■ **Task objective**
Only the text of the records belongs in the answer, copied exactly and without pictures.

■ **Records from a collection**
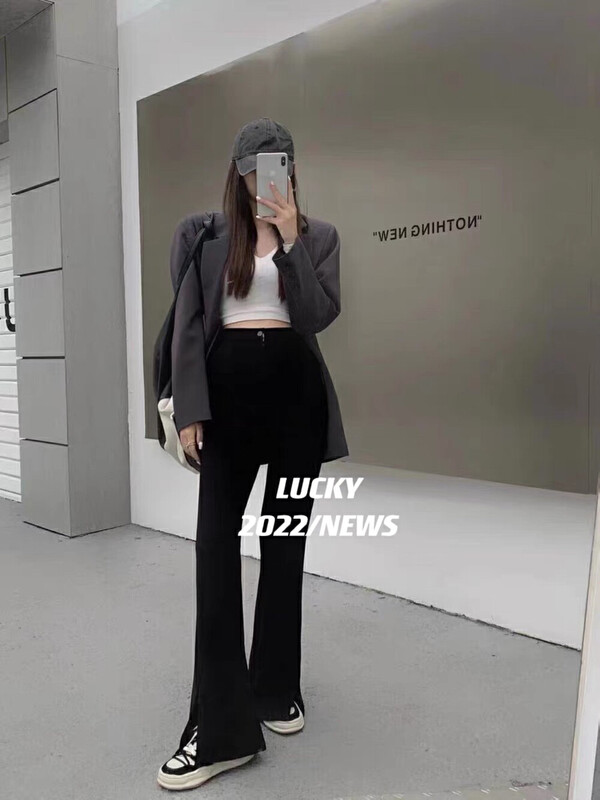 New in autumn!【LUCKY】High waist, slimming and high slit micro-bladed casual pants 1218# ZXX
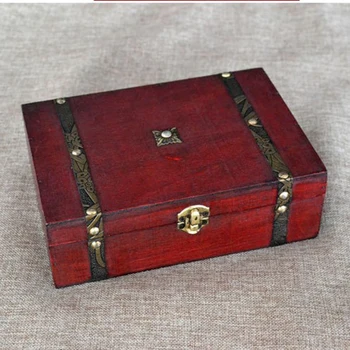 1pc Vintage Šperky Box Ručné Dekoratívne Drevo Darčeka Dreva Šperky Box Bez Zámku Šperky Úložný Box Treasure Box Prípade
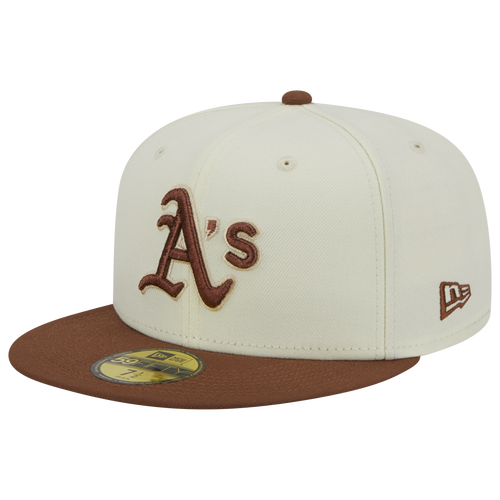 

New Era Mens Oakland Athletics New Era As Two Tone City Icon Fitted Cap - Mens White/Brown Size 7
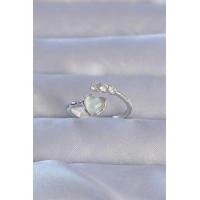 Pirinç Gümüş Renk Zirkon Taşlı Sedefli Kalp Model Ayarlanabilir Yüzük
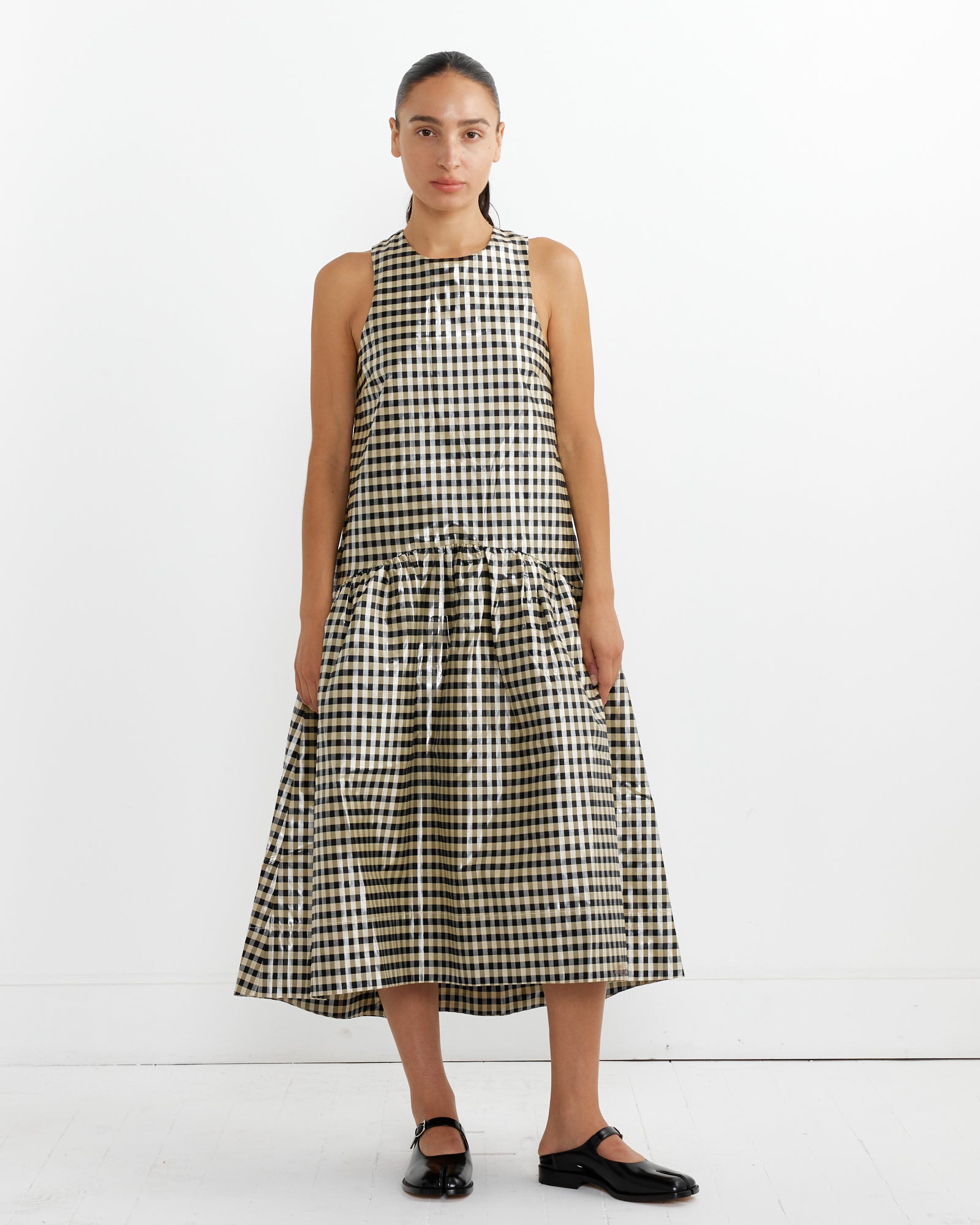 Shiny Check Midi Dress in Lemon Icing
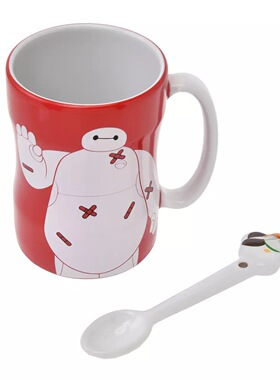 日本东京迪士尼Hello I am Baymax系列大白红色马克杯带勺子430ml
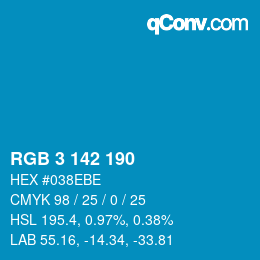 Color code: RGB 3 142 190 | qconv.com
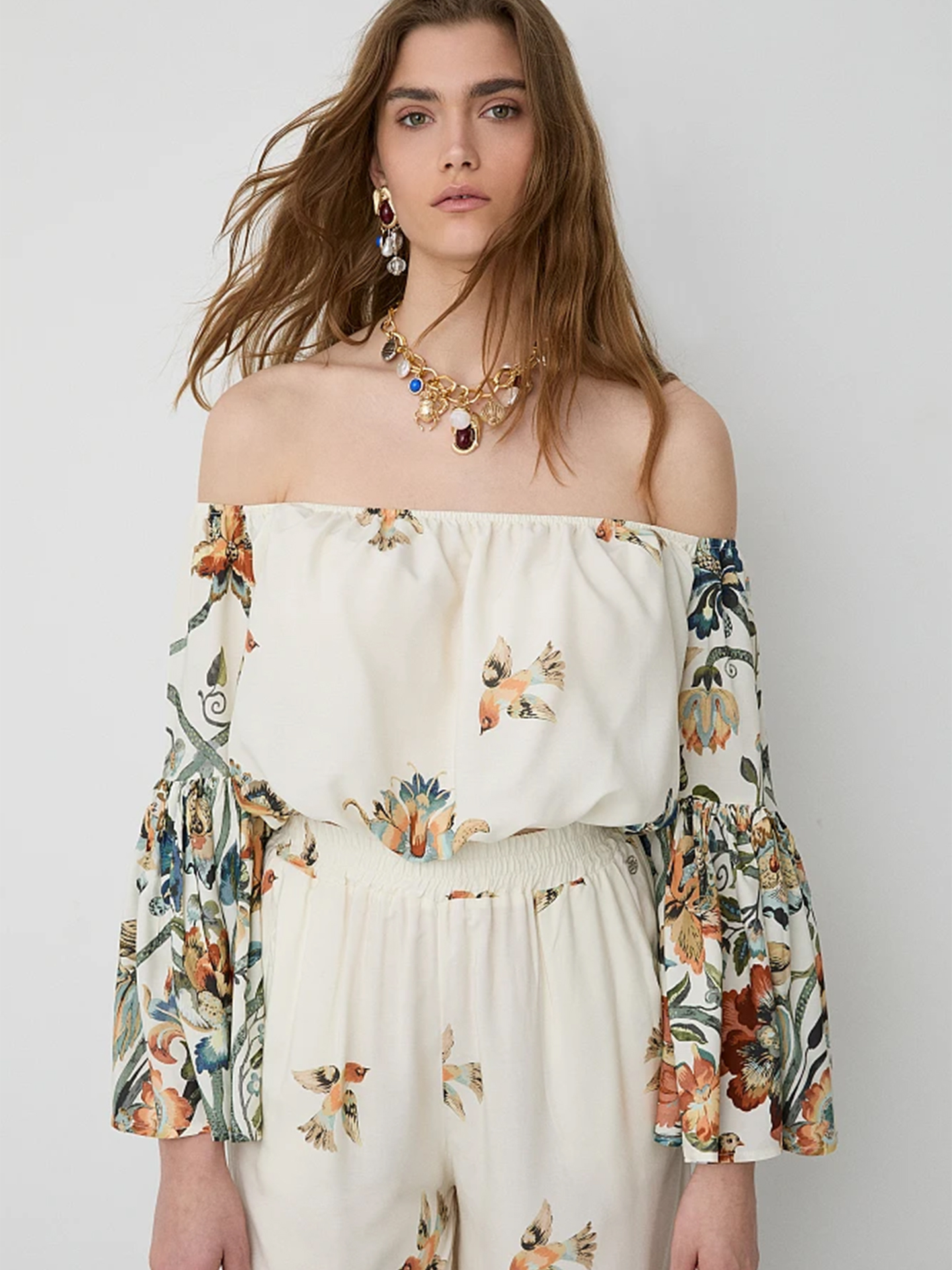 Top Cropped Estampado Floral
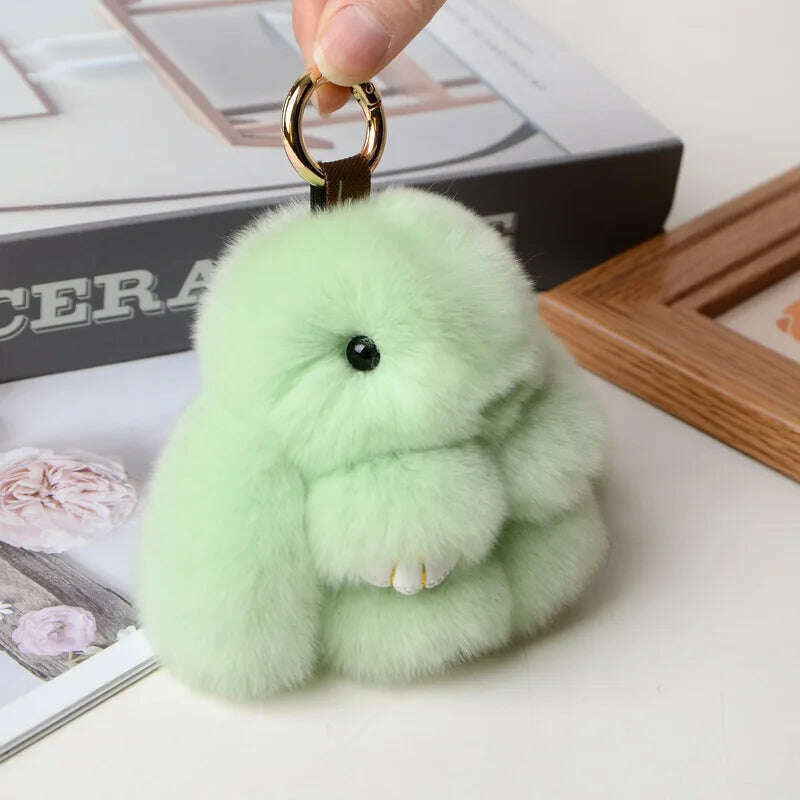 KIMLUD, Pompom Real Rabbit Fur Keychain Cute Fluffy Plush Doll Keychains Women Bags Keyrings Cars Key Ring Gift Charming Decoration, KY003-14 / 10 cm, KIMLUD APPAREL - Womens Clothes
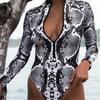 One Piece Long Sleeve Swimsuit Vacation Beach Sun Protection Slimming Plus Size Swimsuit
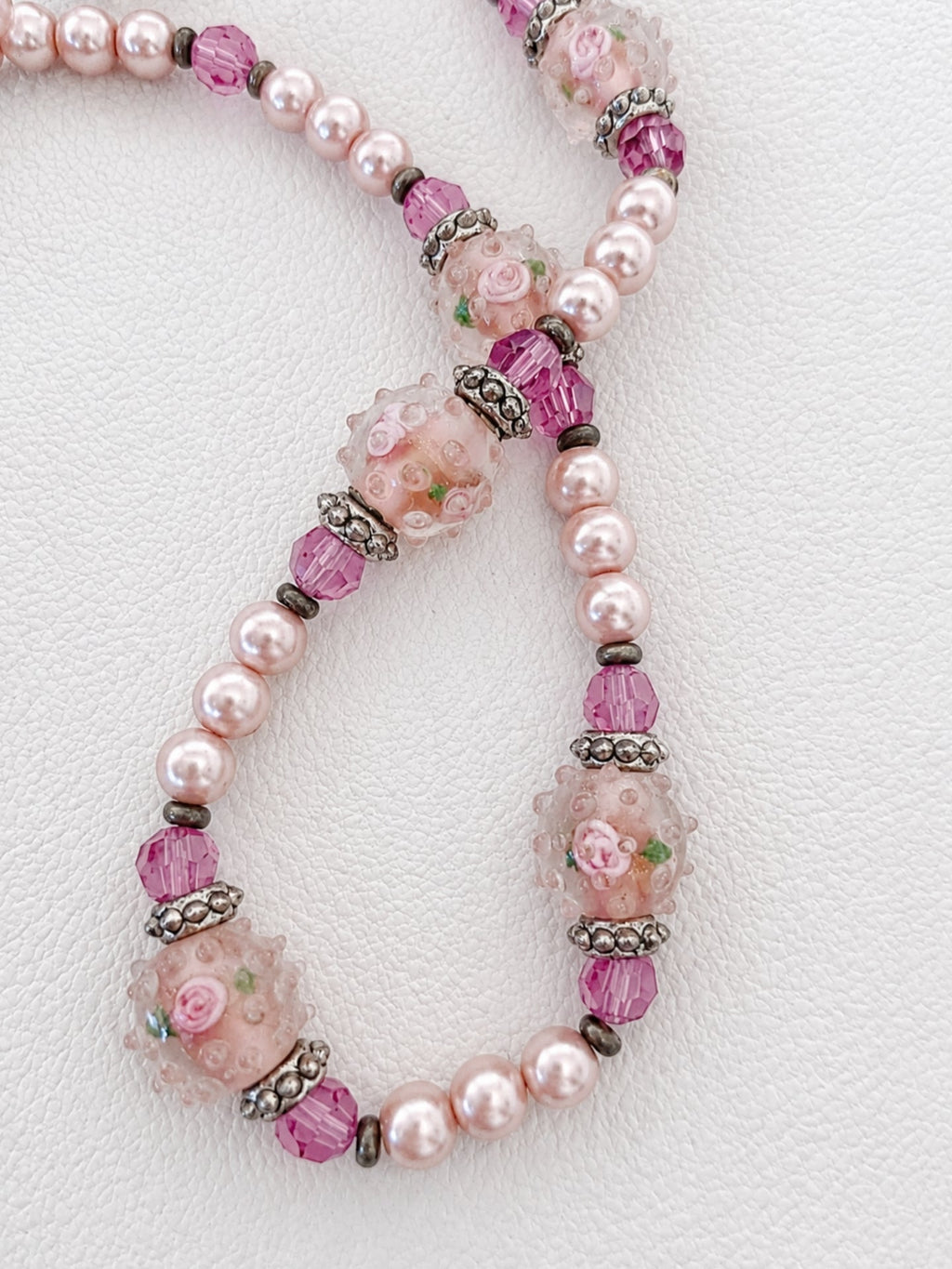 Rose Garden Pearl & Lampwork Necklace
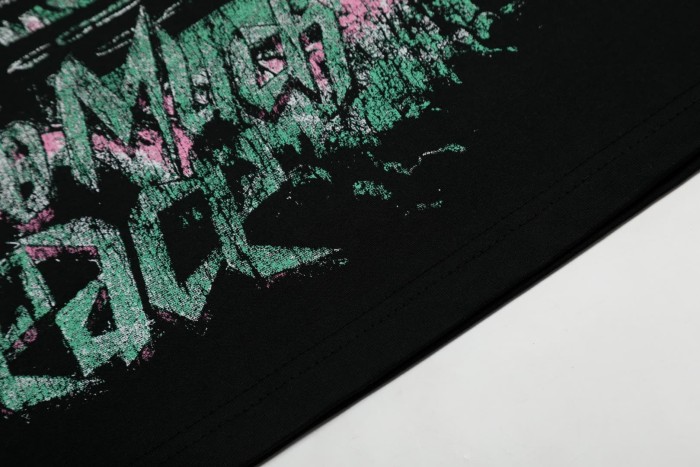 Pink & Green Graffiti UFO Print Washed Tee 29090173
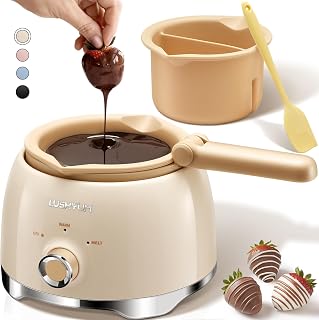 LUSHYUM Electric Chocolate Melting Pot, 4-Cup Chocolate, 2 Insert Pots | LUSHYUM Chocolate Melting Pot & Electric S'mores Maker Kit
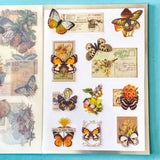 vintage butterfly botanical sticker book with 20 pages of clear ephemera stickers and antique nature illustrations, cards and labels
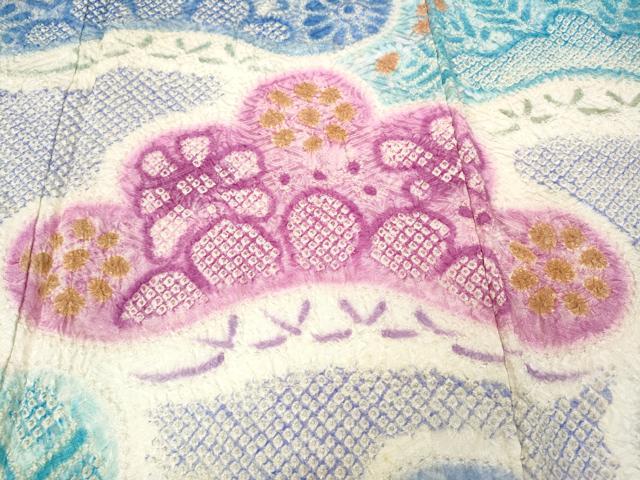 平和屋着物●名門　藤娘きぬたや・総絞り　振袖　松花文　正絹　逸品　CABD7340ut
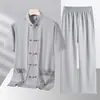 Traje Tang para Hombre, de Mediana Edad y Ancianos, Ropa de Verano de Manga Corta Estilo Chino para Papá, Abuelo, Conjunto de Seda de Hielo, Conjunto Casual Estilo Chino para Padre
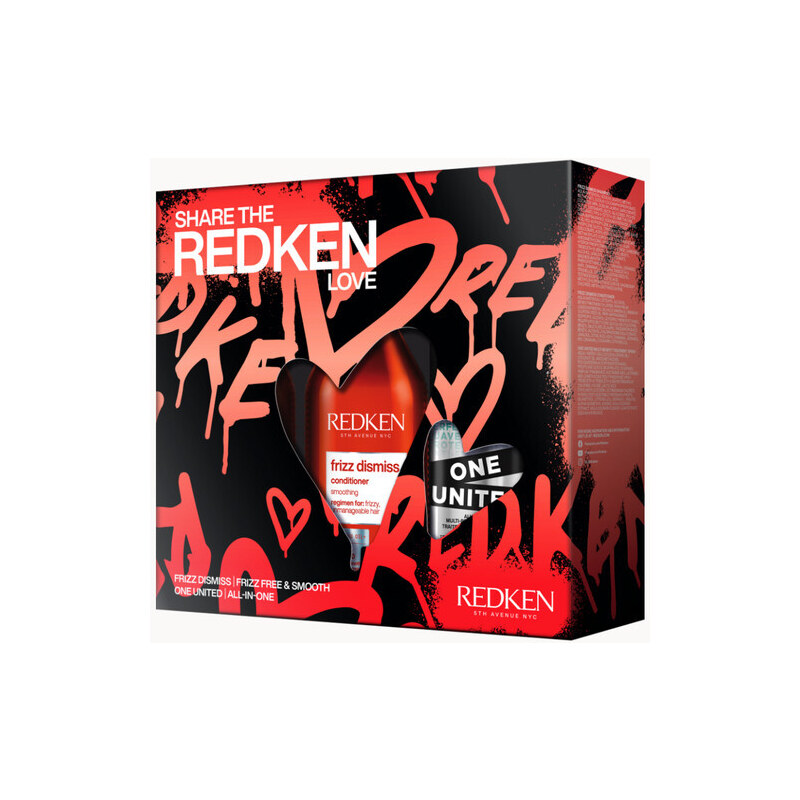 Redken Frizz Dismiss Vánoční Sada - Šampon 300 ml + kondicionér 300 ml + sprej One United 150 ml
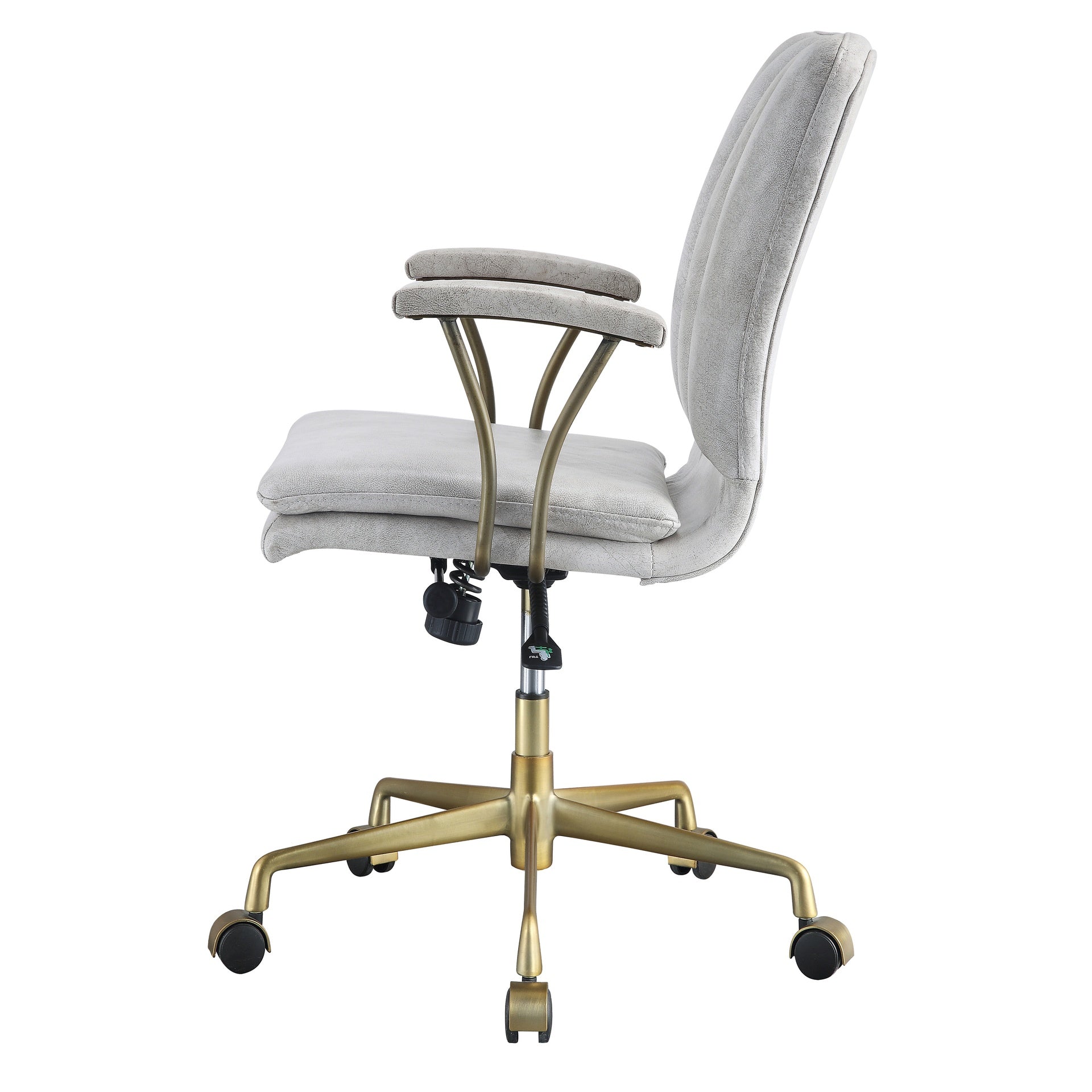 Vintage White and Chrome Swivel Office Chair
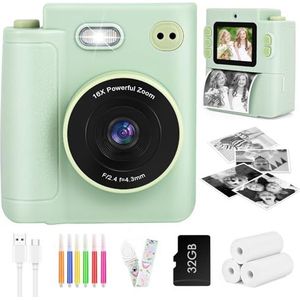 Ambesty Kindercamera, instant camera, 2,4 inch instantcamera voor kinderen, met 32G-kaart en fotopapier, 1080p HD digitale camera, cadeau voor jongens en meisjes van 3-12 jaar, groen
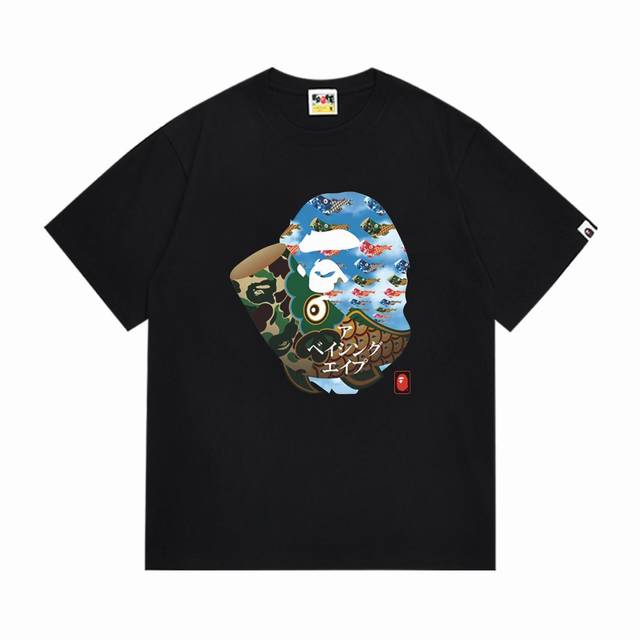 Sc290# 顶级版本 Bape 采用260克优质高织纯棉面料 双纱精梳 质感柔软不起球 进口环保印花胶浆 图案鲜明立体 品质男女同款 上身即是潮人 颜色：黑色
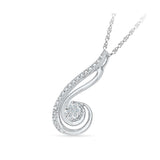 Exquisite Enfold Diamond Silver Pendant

■ **Answer space**
 New in autumn!【LUCKY】High waist, slimming and high slit micro-bladed casual pants 1218# ZXX
 1pc Vintage Šperky Box Ručné Dekoratívne Drevo Darčeka Dreva Šperky Box Bez Zámku Šperky Úložný Box Treasure Box Prípade

New Era Mens Oakland Athletics New Era As Two Tone City Icon Fitted Cap - Mens White/Brown Size 7
 Pirinç Gümüş Renk Zirkon Taşlı Sedefli Kalp Model Ayarlanabilir Yüzük
 Shiny Check Midi Dress in Lemon Icing
 日本东京迪士尼Hello I am Baymax系列大白红色马克杯带勺子430ml
 Color code: RGB 3 142 190 | qconv.com
 Top Cropped Estampado Floral
 KIMLUD, Pompom Real Rabbit Fur Keychain Cute Fluffy Plush Doll Keychains Women Bags Keyrings Cars Key Ring Gift Charming Decoration, KY003-14 / 10 cm, KIMLUD APPAREL - Womens Clothes
 One Piece Long Sleeve Swimsuit Vacation Beach Sun Protection Slimming Plus Size Swimsuit
 Rose Garden Pearl & Lampwork Necklace
 Pink & Green Graffiti UFO Print Washed Tee 29090173
 LUSHYUM Electric Chocolate Melting Pot, 4-Cup Chocolate, 2 Insert Pots | LUSHYUM Chocolate Melting Pot & Electric S'mores Maker Kit
 vintage butterfly botanical sticker book with 20 pages of clear ephemera stickers and antique nature illustrations, cards and labels
 平和屋着物●名門　藤娘きぬたや・総絞り　振袖　松花文　正絹　逸品　CABD7340ut
 Traje Tang para Hombre, de Mediana Edad y Ancianos, Ropa de Verano de Manga Corta Estilo Chino para Papá, Abuelo, Conjunto de Seda de Hielo, Conjunto Casual Estilo Chino para Padre
 Redken Frizz Dismiss Vánoční Sada - Šampon 300 ml + kondicionér 300 ml + sprej One United 150 ml
 Vintage White and Chrome Swivel Office Chair
 Ambesty Kindercamera, instant camera, 2,4 inch instantcamera voor kinderen, met 32G-kaart en fotopapier, 1080p HD digitale camera, cadeau voor jongens en meisjes van 3-12 jaar, groen
 Sc290# 顶级版本 Bape 采用260克优质高织纯棉面料 双纱精梳 质感柔软不起球 进口环保印花胶浆 图案鲜明立体 品质男女同款 上身即是潮人 颜色：黑色
 Exquisite Enfold Diamond Silver Pendant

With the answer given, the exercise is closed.